Input Message Processing Loop Only one message loop is needed for a message queue, even if the queue contains messages for more than one window. Each queue message is a QMSG structure that contains the handle of the window to which the message belongs. WinDispatchMsg always dispatches the message to the proper window. WinGetMsg retrieves messages from the queue in first-in, first-out (FIFO) order, so the messages are dispatched to windows in the same order they are received.

If there are no messages in the queue, the operating system temporarily stops processing the WinGetMsg function until a message arrives. This means that processor time that, otherwise, would be spent waiting for a message can be given to the applications (or threads) that do have messages in their queues.

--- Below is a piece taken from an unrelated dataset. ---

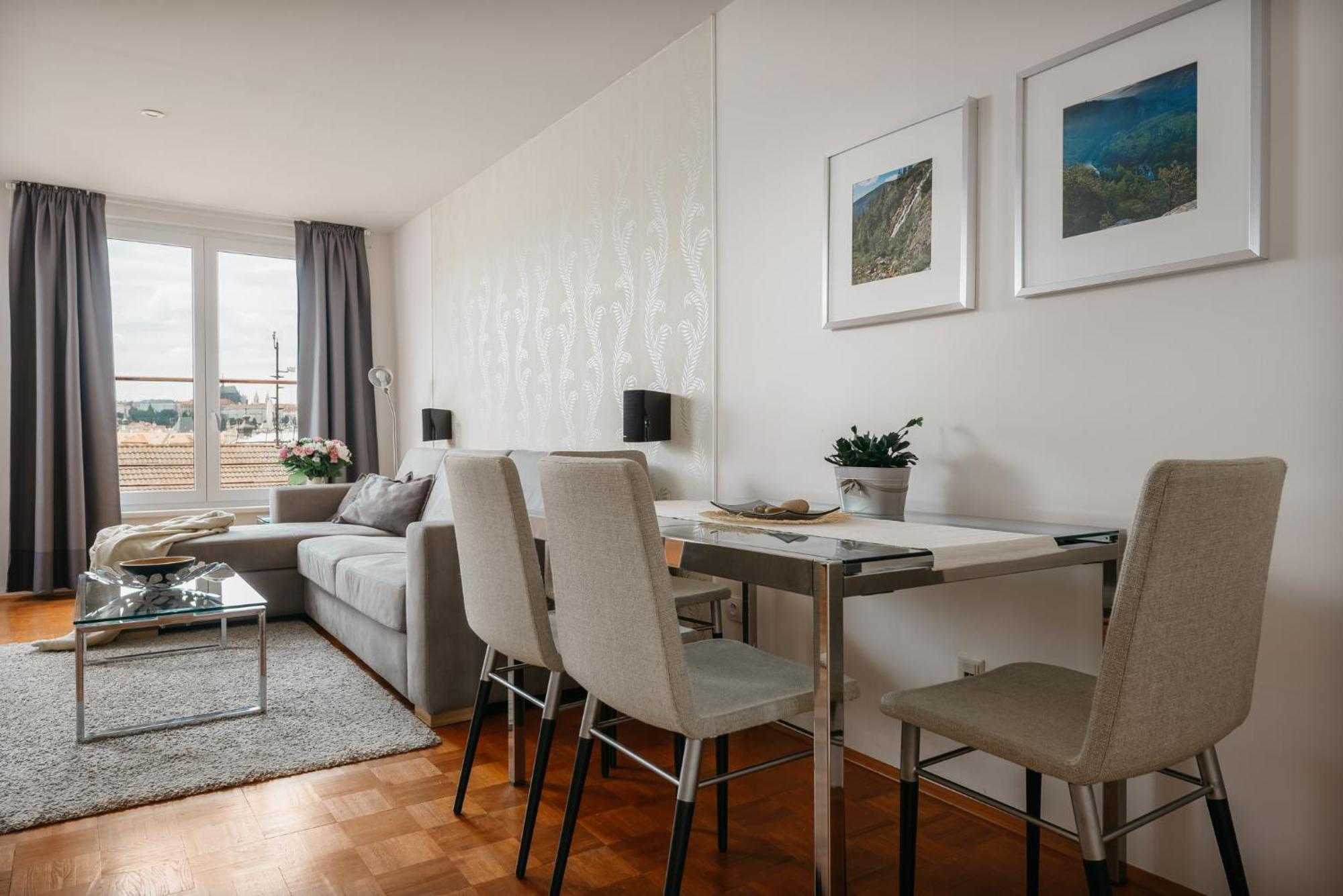 Roy 2 Bdr Apartment With Prague Castle View, Parking & Ac Экстерьер фото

The message loop continues to retrieve and dispatch messages until WinGetMsg retrieves a WM_QUIT message. This message causes the function to return FALSE, terminating the loop. In most cases, terminating the message loop is the first step in terminating the application. An application can terminate its own loop by posting the WM_QUIT message in its own queue.

An application can modify its message loop in a variety of ways. For example, it can retrieve messages from the queue without dispatching them to a window. This is useful for applications that post messages without specifying a window. (These messages apply to the application rather than a specific window; they have NULL window handles.) Also, an application can direct the WinGetMsg function to search for specific messages, leaving other messages in the queue. This is useful for applications that temporarily need to bypass the usual FIFO order of the message queue.